= Magis =

Latin word that means "more" or "greater"

Magis (pronounced "màh-gis") is a Latin word that means "more" or "greater". It is related to ad majorem Dei gloriam, a Latin phrase meaning "for the greater glory of God", the motto of the Society of Jesus. Magis refers to the philosophy of doing more for Christ, and therefore doing more for others. It is an expression of an aspiration and inspiration. It relates to forming the ideal society centered on Jesus Christ.

== From Ignatian retreat ==
Modern use of the word is often traced to St. Ignatius's Spiritual Exercises or retreat, where he would have the exercitant ask: "What have I done for Christ? What am I doing for Christ? and What ought I to do for Christ?" The more intimately the person comes to know Christ, according to St. Ignatius, the more the person will love him and the more closely the person will follow him. Throughout the Exercises, a grace the person asks for is to follow Christ more closely or to do what is more pleasing to God. This is frequently mentioned in the "points" for contemplating Christ's life which Ignatius proposes. Ignatius calls it the highest degree of humility for people to always want to be more like Christ in matters of poverty and worldly honors. Also, in what Ignatius calls the "First Principle and Foundation of the Christian life", he concludes with the admonition: "our one desire and choice should be what is more conducive to the end for which we are created". This concept of doing "more" occurs frequently throughout the Ignatian Exercises.

== Impact ==
Contemporary uses of magis often have Ignatian roots. Beginning in 1997 Jesuits have invited students to a "magis gathering", as before World Youth Day celebrations, to share the ideals which they learned in the Jesuit tradition. Additionally, the name "Magis" has been used for a Jesuit journal and newspaper and on banners heralding Jesuit education. The term is frequently central to the mission statement of Jesuit schools and can serve as a name for a voluntary service program or for an educational enhancement program for needy students. A video produced by Jesuits points out that the "more" is a matter of depth and quality, rather than of quantity.

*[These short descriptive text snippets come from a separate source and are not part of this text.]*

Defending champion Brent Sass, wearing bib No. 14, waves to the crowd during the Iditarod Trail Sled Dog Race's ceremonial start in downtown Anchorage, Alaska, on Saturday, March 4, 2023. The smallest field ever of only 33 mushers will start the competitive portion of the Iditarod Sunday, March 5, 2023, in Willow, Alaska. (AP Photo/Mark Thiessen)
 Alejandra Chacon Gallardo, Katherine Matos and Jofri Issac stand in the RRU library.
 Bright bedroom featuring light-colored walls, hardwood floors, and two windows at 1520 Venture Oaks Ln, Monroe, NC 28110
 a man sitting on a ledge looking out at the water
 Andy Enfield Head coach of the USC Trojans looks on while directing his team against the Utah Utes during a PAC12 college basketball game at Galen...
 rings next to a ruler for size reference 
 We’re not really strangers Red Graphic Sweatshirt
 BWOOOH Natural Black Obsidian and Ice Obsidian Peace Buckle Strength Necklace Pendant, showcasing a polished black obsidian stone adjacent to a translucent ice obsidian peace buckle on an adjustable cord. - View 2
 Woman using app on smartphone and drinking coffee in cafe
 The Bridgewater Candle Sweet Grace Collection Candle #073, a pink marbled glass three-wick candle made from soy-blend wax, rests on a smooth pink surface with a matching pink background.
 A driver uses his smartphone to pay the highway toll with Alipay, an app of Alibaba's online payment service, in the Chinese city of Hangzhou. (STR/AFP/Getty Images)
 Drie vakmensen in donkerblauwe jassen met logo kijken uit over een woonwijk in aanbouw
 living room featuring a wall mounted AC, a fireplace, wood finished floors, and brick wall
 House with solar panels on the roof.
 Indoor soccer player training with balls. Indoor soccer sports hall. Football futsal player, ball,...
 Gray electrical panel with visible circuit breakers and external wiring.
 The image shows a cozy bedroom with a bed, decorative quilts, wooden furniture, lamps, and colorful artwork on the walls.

== Usage in Jesuit higher education ==
The concept of magis as an ideal of life is emphasized in many of the Jesuit universities across the globe. One of the 10 service organizations on campus at Loyola Marymount University uses Magis as its name. The organization stands to allow students to be leaders and contribute in the greater Los Angeles Community in the areas of Homelessness and Education, citing their three pillars of Service, Diversity, and Spirituality on the strive for "The more" that is emphasized in the contemporary definition of the term.